The truth is that for every low paid teacher struggling under the burden of student debt, there are several attorneys, doctors, engineers and businesspeople making very nice incomes who are managing the student loan debt just fine. Let’s not forget that for every American who has student debt, there are at least seven who have none.

I realize that the typical Democratic Socialist believes that money does grow on trees, or at least in a printing press, and that it should be Christmas every day of the year. But there are plenty of good reasons why President Biden or Congress should not cancel student debt.  Here are a few:

Executive orders should not be the way to get things done when Congress won’t pass legislation. It is the ultimate governmental shortcut and nothing but a Constitutional end run.

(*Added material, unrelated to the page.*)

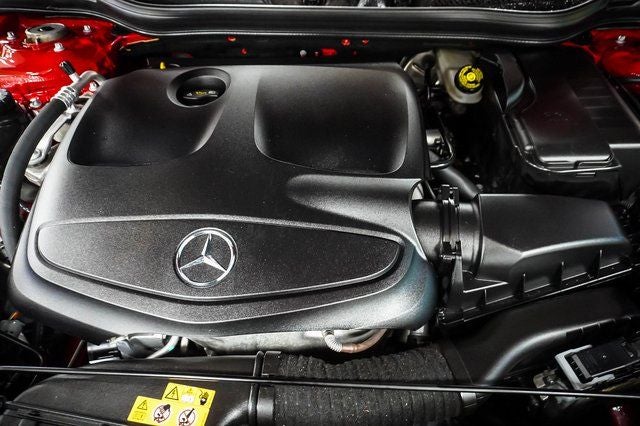 2019 Mercedes-Benz CLA CLA 250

The benefits of student loan forgiveness are highly regressive. The top 20% of households hold $3 in loans for every $1 held by the bottom 20%. Those with graduate degrees make more money as a rule and much debt is used to finance great paying advanced degrees. You might think that poor children borrow more to pay for college.  Rich families tend to borrow more than poor families. They like to send their kids to colleges where their classmates are named Biff, Buffy and Chatsworth Osborne III. Those schools cost a lot more than IVTC, Ball State or Maurice’s School of Cosmetology.

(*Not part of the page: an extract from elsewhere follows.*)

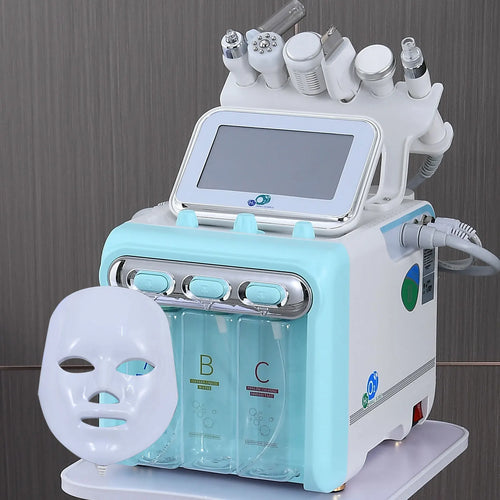 7 in 1 Professional Hydro Face Hydra machine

Spending government money to bail out those with college debt will not dramatically improve the economy. During the COVID-19 pandemic citizens with only a high school degree had an unemployment rate nearly double the unemployment rate of those with a college degree.  

Student debt forgiveness at this time is merely a one-trick pony that is immensely unfair to all of those who have previously paid off their loan debt and for the generations to come who will immediately take on student debt as soon as existing debt is canceled.  

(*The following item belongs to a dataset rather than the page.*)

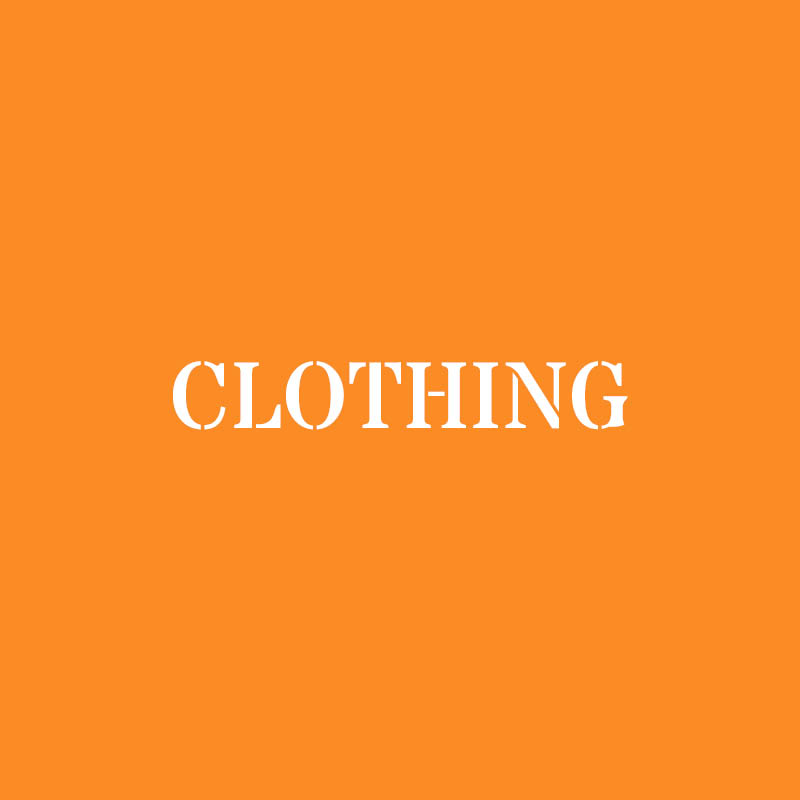 Men's Clothing Clearance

I asked one of my daughters this morning what she would think if Biden canceled all student debt after she worked so hard for the last decade to pay hers off. She dug deep into her barrister vocabulary book and responded, “It stinks!” No, paying off student loan debt for only those that have debt now makes as much sense as putting a tourniquet on a head wound. It would only serve to perversely incentivize students to borrow even more in the hopes that some future president struggling in the polls would come to their financial rescue.

Our tax code clearly discriminates against classes of people in a manner that I believe is grossly unfair, if not unconstitutional. What’s next after student loan forgiveness? Forgiving those with home improvement loans? Forgiving mortgage indebtedness? Writing off credit card debt? You start singling out groups of people for extraordinary financial treatment and you just don’t know where it stops.

I’ve already told you a few stories about some of my clients. Here are a couple of happy ones. One of my 21-year-old clients decided to go to welding school instead of college. He graduated after one year and started with a salary of $112,000. Another client dropped out of a major state university where he was studying engineering. He now works as a plumber for a salary of over $100,000 and loves it. There are alternatives to college for our young people.

I have already stated what I believe is needed to correct the long-term problem with student loans. Education inflation must be contained and to do that the free flow of money coming from student loans must be controlled by sensible lending which will drive educational institutions to focus on degrees that offer the economic ability to repay loans. Sensible lending will come when government guarantees end and students are allowed the protection of our bankruptcy laws.

If society wants to incentivize certain lower paying degrees such as social work, education or ancient Zoroastrianism, then it can create programs to gradually cancel debt for years of service.

Just as our society offers equal opportunity for success but not equal outcomes, educational and occupational choices should only offer equal opportunity but not government-backed insurance against making a bad choice. 

Dunn is the former Howard County Republican chairman.